De kortste dag is geweest. We gaan naar het licht. “Ik heb het jaar gekeerd” zoals Katherine May het zegt in haar boek “Winteren”.

 

Ik was de mezelf kwijt, al een tijdje. En ik had dat niet door. Voor mij betekent mezelf kwijt zijn dat ik mijn troostende stem niet meer kan horen. De stem die weet dat het goed is, ook als het even niet zo fijn is. De stem die weet mijn bange stemmen kan sussen. Erger nog dan dat ik het niet kan horen is dat ik het niet kan voelen. Ik schreef  een tijdje terug over jeuk en krabben de onrust die ik voel die niet meer weg gaat. Als ik mezelf kwijt ben zie ik alles in een onder licht, dar wil zeggen, geen licht. Het is donker. Deze perioden zijn hél! Ik voel ongesneden pijn.

Ik kan ook niet meer voelen wat goed voor me is en maak wilde beslissingen om maar iets te doen. Ik ben dan slaaf van mijn coping mechanismes. Het heeft op dat moment, in die periode, dan ook geen zin mij advies te geven want het komt niet binnen.  Wat wel helpt zijn bemoedigende woorden, maar ze helpen nooit heel erg lang.
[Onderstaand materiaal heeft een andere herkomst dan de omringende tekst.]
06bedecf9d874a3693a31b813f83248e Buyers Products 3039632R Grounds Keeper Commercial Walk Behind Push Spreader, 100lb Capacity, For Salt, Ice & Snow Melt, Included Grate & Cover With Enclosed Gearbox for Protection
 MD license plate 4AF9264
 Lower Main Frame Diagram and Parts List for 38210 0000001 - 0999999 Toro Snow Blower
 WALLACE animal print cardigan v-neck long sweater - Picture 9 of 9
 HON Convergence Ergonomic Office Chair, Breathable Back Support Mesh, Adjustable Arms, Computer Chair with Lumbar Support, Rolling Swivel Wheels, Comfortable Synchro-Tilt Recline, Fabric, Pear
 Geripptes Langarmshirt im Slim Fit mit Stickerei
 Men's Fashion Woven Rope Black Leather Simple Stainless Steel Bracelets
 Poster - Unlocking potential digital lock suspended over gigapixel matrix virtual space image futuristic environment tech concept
Ik zal er zelf weer uit moeten komen, en gelukkig lukt dat uiteindelijk altijd.

Dinsdag (het is donderdag als ik dit schrijf), kwam ik er uit toen ik naar de voorstelling keek. Dat voelde als een uitgestoken hand. Ik had weer contact, met mezelf, met anderen, met god. (Dat contact voelt voor mij groter dan het contact met mezelf, het voelt als contact met alles wat er is en ik noem dat god).

Ik weet hoe het gaat, ik deed het vaker, en ik weet dat ik oké ben, dat het oké is, maar als ik mezelf kwijt ben, ben ik ook dat vergeten, en zelf als ik het wel weet: ik kan er niet bij, ik kan het niet voelen.

Nu had ik niet eens door dat ik in die hel was, ik ploeterde door. Het was alsof ik een helling opliep met een zware rugzak. De helling was vals plat, zodat ik niet door had dat ik aan het klimmen was, en ook die rugzak voelde in het begin nog niet zo zwaar. Ik snapte maar niet waarom het zo moeizaam ging.  Ik moest steeds vaker rust nemen, letterlijk, ik heb nog nooit zoveel geslapen als de laatste twee maanden.  

Ik ben er uit. Ik heb de uitgestoken hand gepakt. Ik ben er trots op dat ik die kans bakte, want dat deed ik zelf. Misschien waren er al wel eerder uitgestoken handen die ik miste. En misschien waren die handen er alleen om me verder te helpen naar dit moment waarop ik weer sterk genoeg was om mezelf overeind te trekken.

De dagen worden langer, het word weer lichter. Ik heb het jaar gekeerd.